• DIRECTIONS
Taking the line with "Modus’ clients include" as the first and the line with "Audi A8 4.2 FSI" as the last, set down the lines below exactly, pictures excluded.

• DATASET ENTRIES
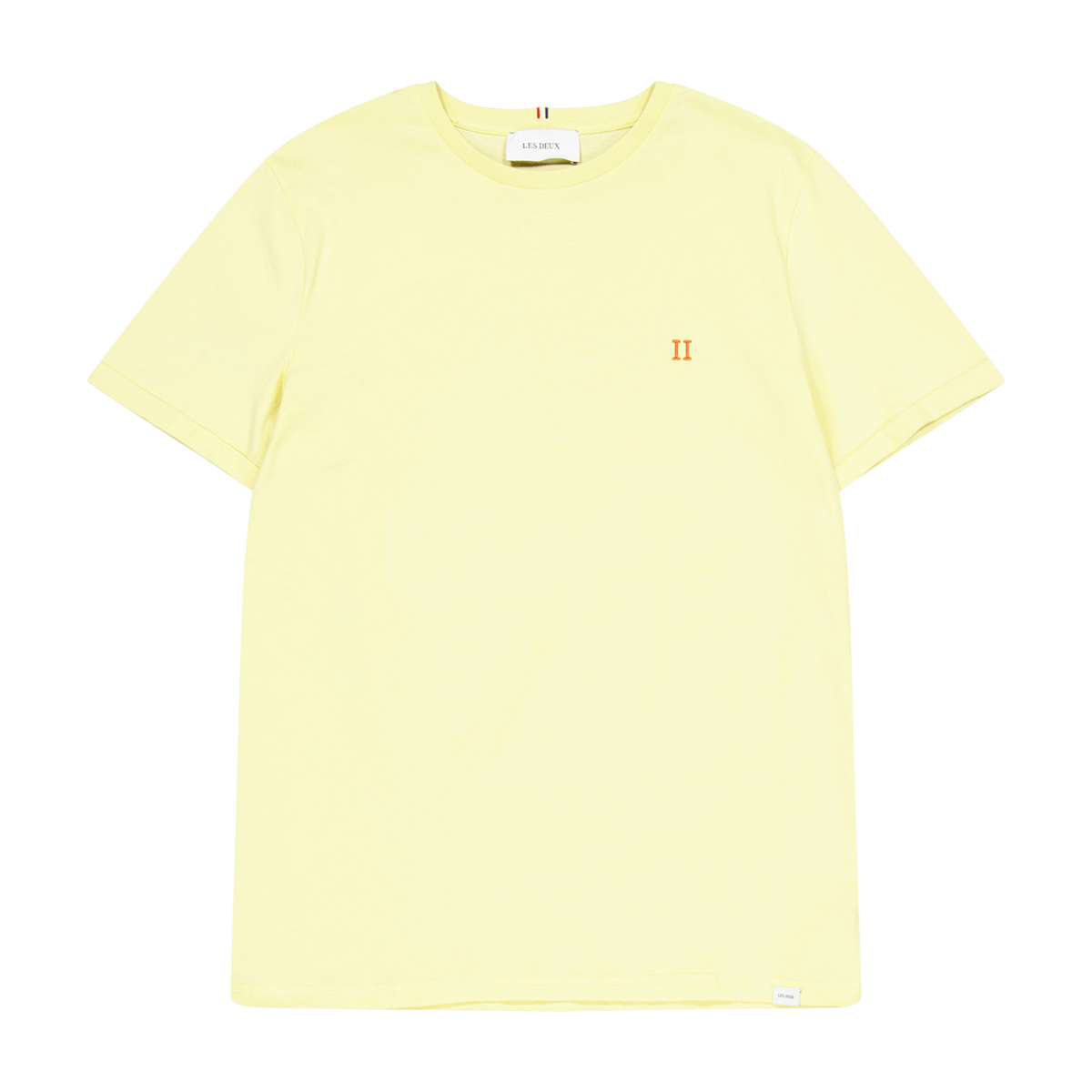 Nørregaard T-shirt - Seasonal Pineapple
==
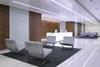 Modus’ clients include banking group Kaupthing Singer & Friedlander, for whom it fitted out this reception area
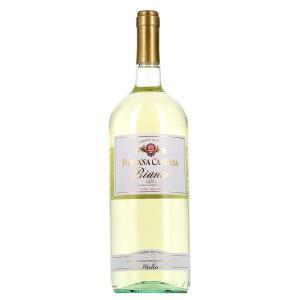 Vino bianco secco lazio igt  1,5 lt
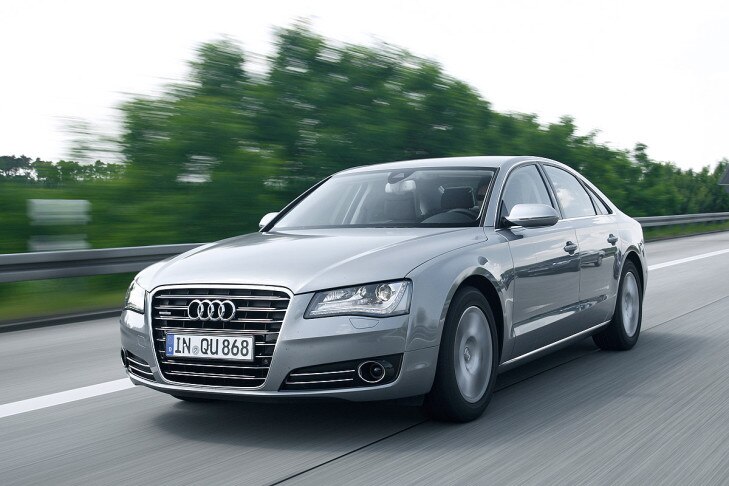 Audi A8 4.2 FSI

• OUTPUT OF THE TASK
 Modus’ clients include banking group Kaupthing Singer & Friedlander, for whom it fitted out this reception area
 Vino bianco secco lazio igt  1,5 lt
 Audi A8 4.2 FSI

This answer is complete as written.